Но стоит сдернуть с Петербурга водянистый войлок и направить на обшарпанные стогны центральное светило - и я невольно замедляю шаги. Причем температура воздуха не имеет значения, как и угол падения лучей. Хотя увлекательней всего - закаты. Осенью и весной.

На рассвете не расслабишься, в это время от петербуржца требуется бдительность и поспешность. Зимний закат у нас угрюм. Летнего, как известно, практически не бывает.

А вот зато весной и осенью закат начинается рано, затягивается надолго. Свет убывает с отчетливой равномерностью, как бы напоказ, словно бы изображая Время. По фасадам, по воде и по листве пробегают разные гримасы: как мыслящее вещество, Город пытается что-то сказать; например - что жизнь проходит; или что это не страшно.

В конце сентября, часу в шестом пополудни, взгляните с площади Восстания в глубину Невского: сверкающие окна верхних этажей солнечной стороны меркнут одно за другим; отраженный закат, размахивая пестрой тряпкой, бежит по крышам к Адмиралтейству, обгоняя троллейбус; перемахнув перекресток Литейного, скроется вот-вот за Фонтанкой…

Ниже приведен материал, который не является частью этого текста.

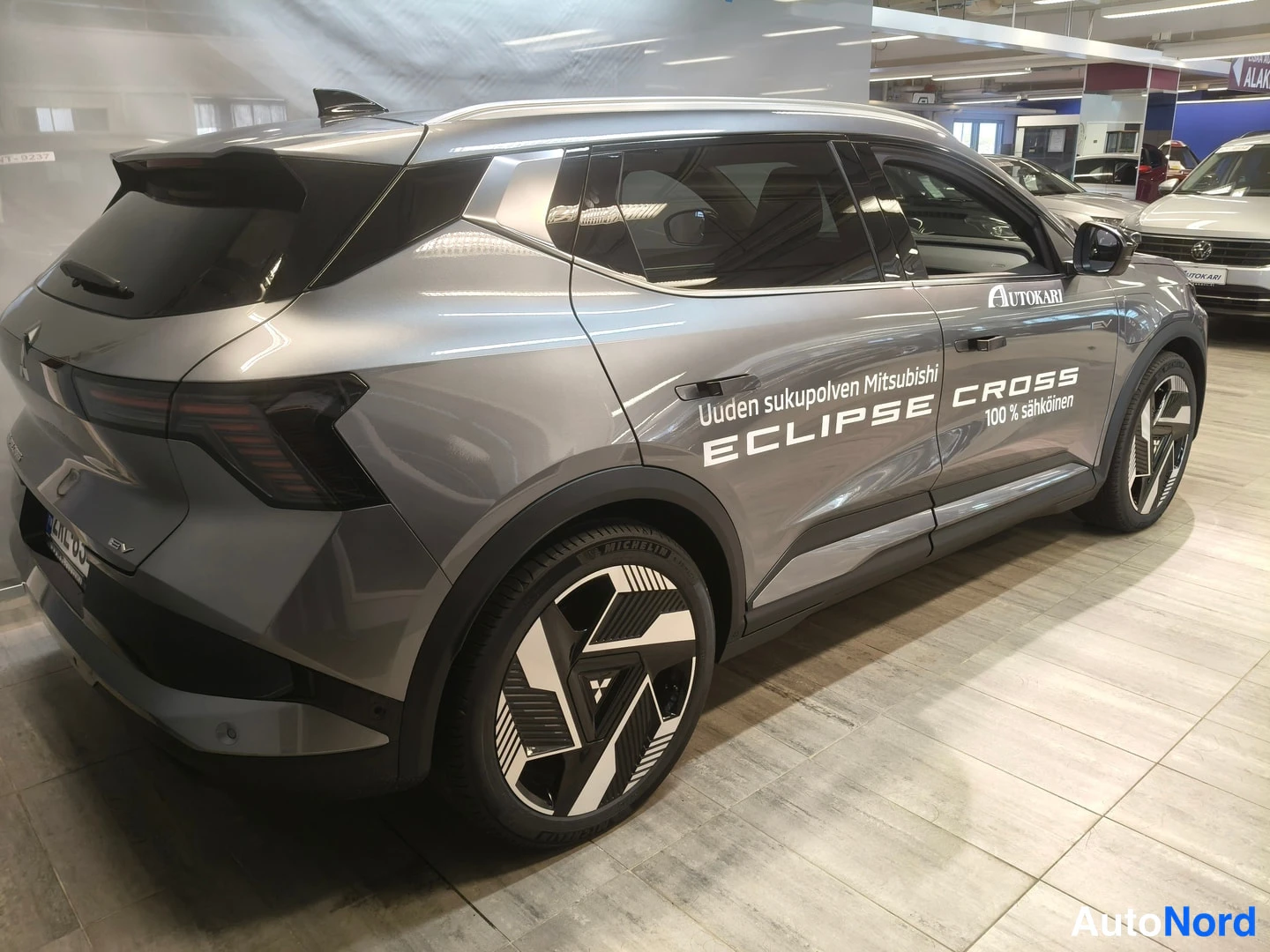 Takaviisto: Auton takaosa ja oikea kylki kolmannelta sivulta: harmaa Mitsubishi Eclipse Cross, kyljessä teksti 'Uuden sukupolven Mitsubishi ECLIPSE CROSS 100% sähköinen', A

И вы опять один, точно и нет на свете никакого Петербурга.

СТОГНА МИРА

Самое петербургское существительное. Во множественном числе вбирает в себя наш город, словно взгляд из-под купола Исаакия белой ночью. Когда для смертного умолкнет шумный день.

Обычно - так сказать, по жизни - это гулкое слово мы впервые и в последнее встречаем у Пушкина. И на немые стогны града полупрозрачная наляжет ночи тень…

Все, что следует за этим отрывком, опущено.